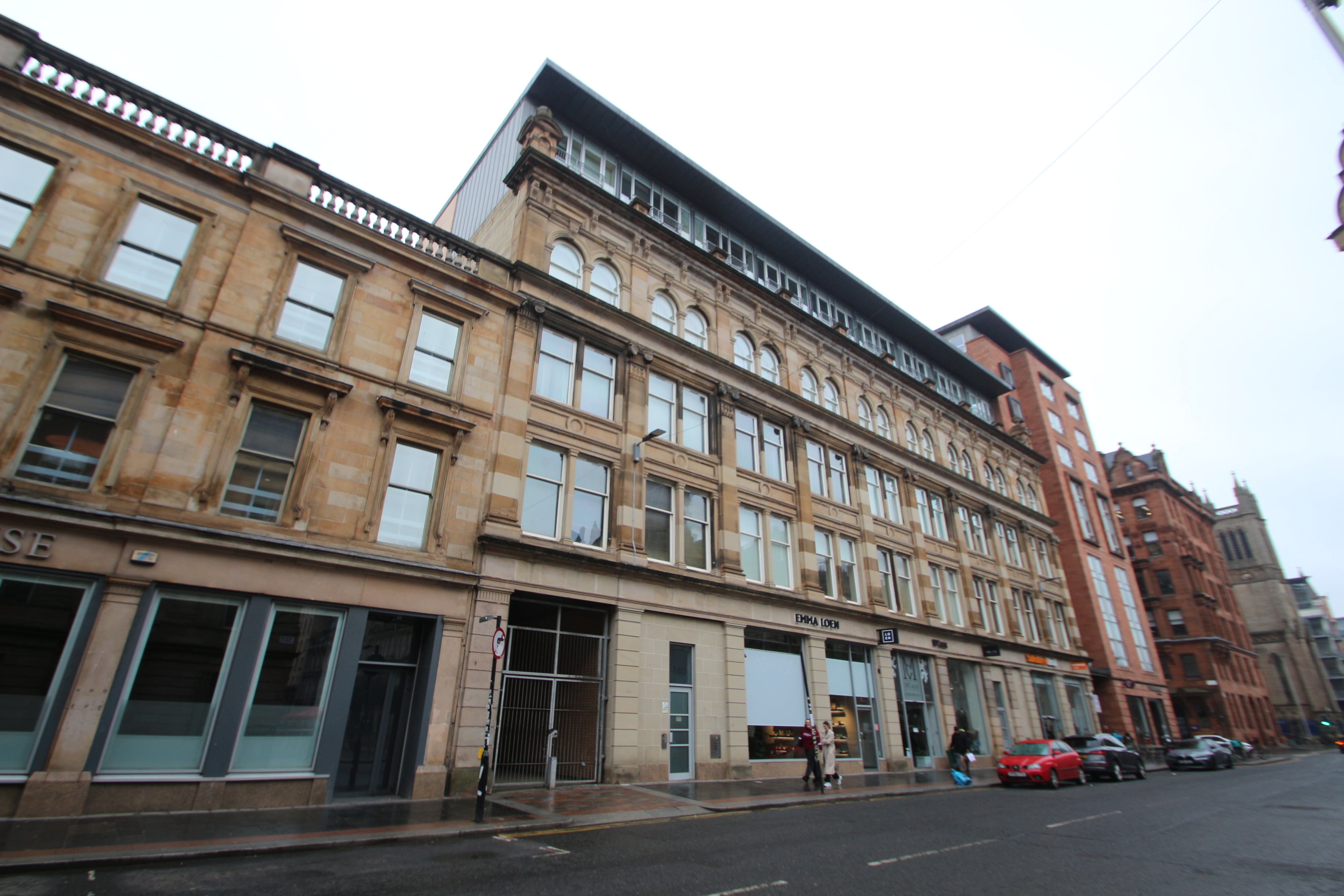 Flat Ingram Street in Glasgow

■ ■ ■ ■

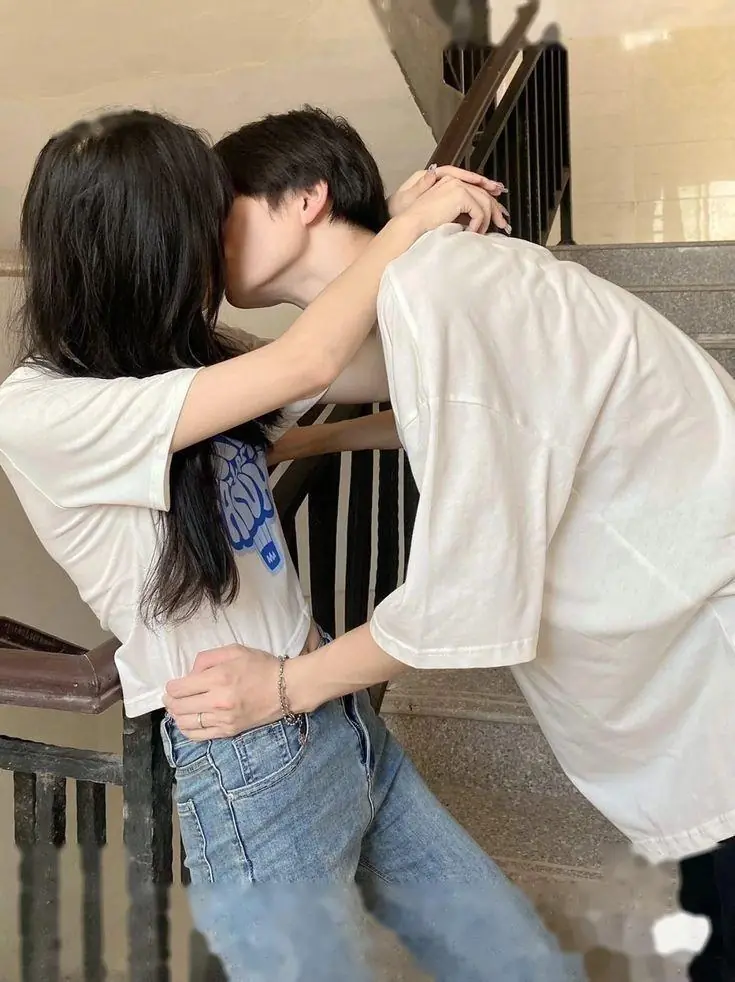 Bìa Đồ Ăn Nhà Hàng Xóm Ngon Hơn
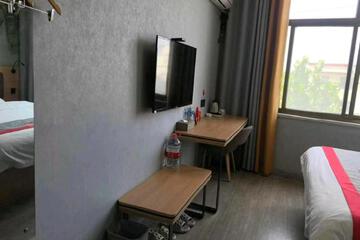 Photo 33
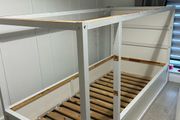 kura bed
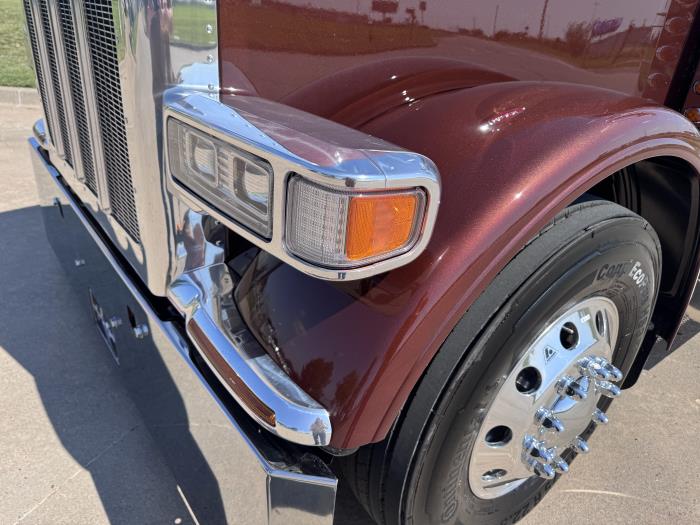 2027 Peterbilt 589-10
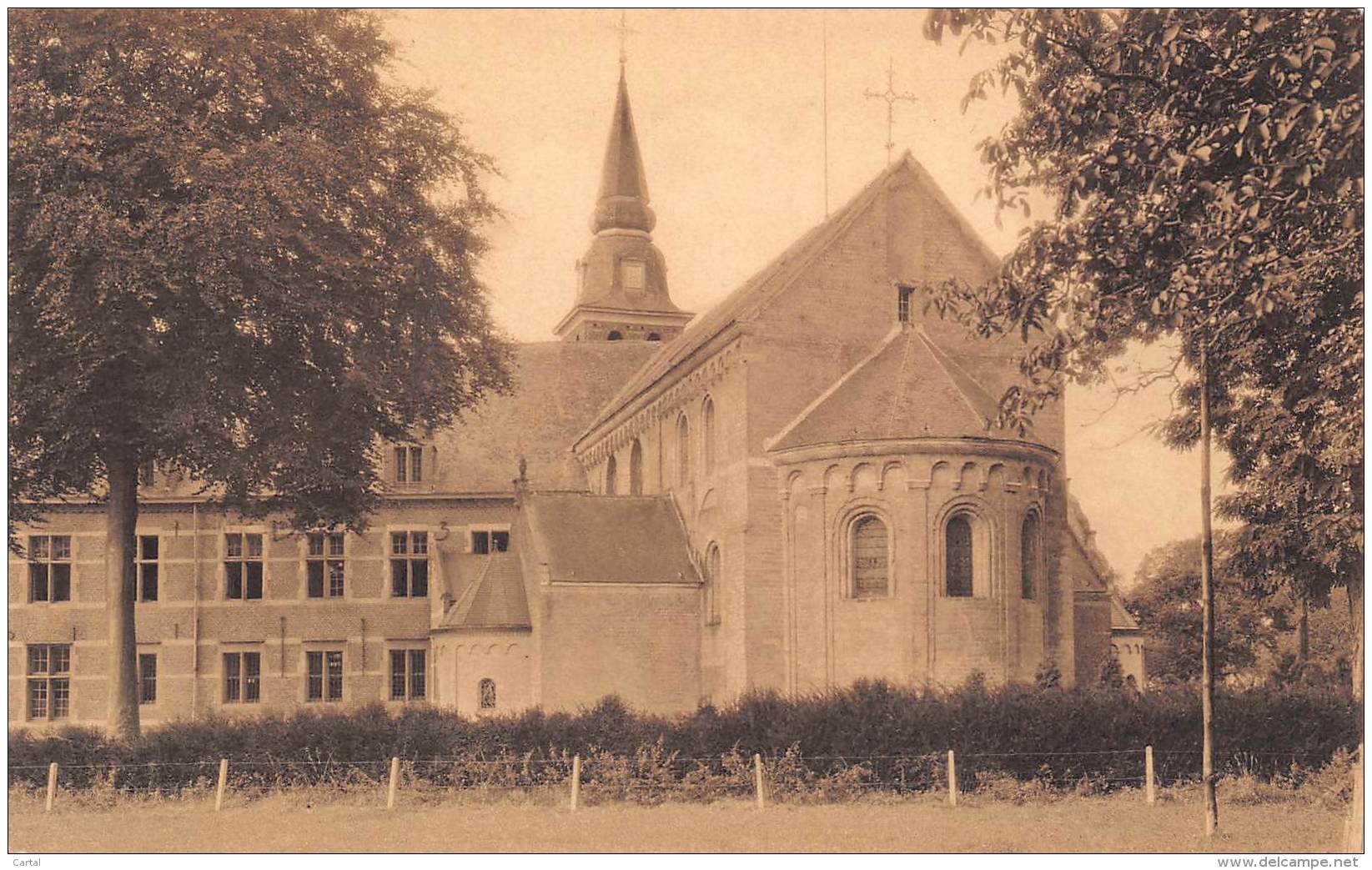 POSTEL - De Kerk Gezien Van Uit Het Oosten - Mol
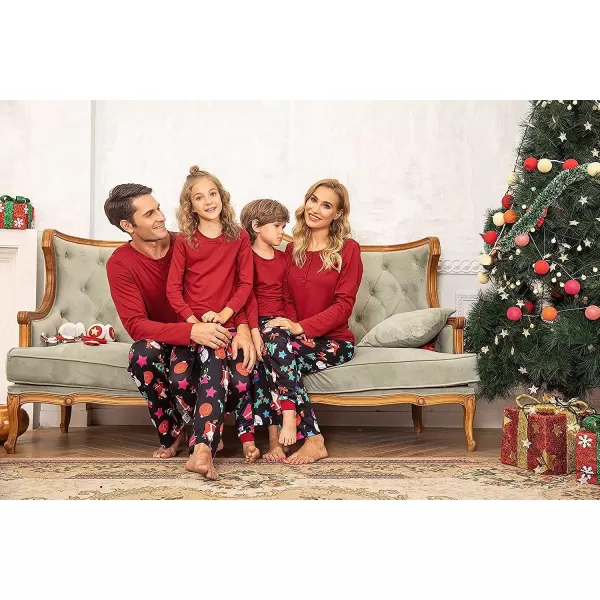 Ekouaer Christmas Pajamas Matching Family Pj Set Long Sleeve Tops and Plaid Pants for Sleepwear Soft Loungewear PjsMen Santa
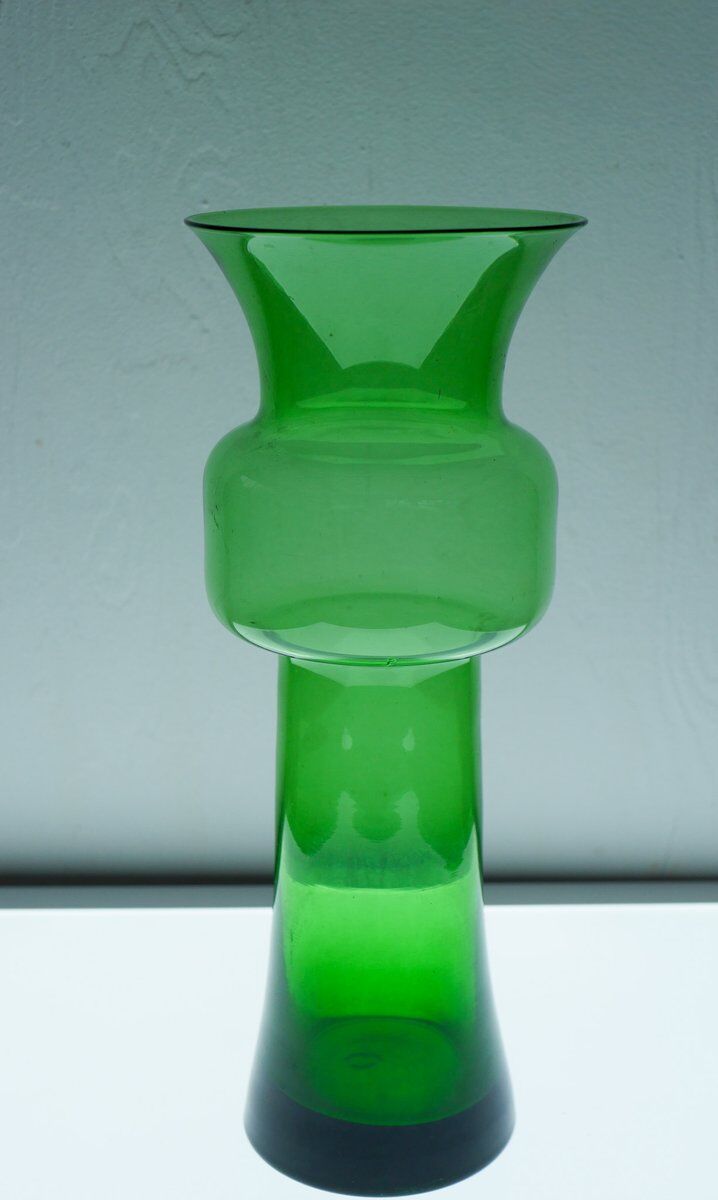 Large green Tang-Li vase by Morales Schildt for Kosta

■ ■ ■ ■

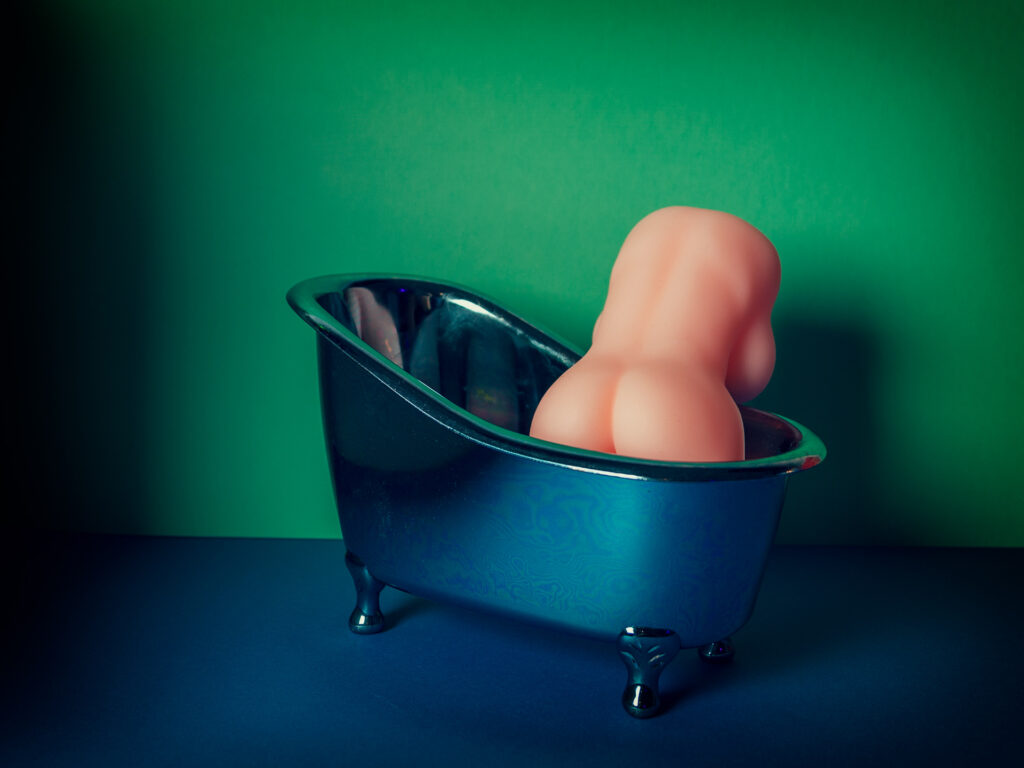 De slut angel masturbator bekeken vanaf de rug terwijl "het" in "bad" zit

■ ■ ■ ■

Everything between and including the line above containing "Ekouaer Christmas Pajamas" and the line containing "Large green Tang-Li" should be reproduced exactly, with pictures excluded.

> Answer space:
 Ekouaer Christmas Pajamas Matching Family Pj Set Long Sleeve Tops and Plaid Pants for Sleepwear Soft Loungewear PjsMen Santa
 Large green Tang-Li vase by Morales Schildt for Kosta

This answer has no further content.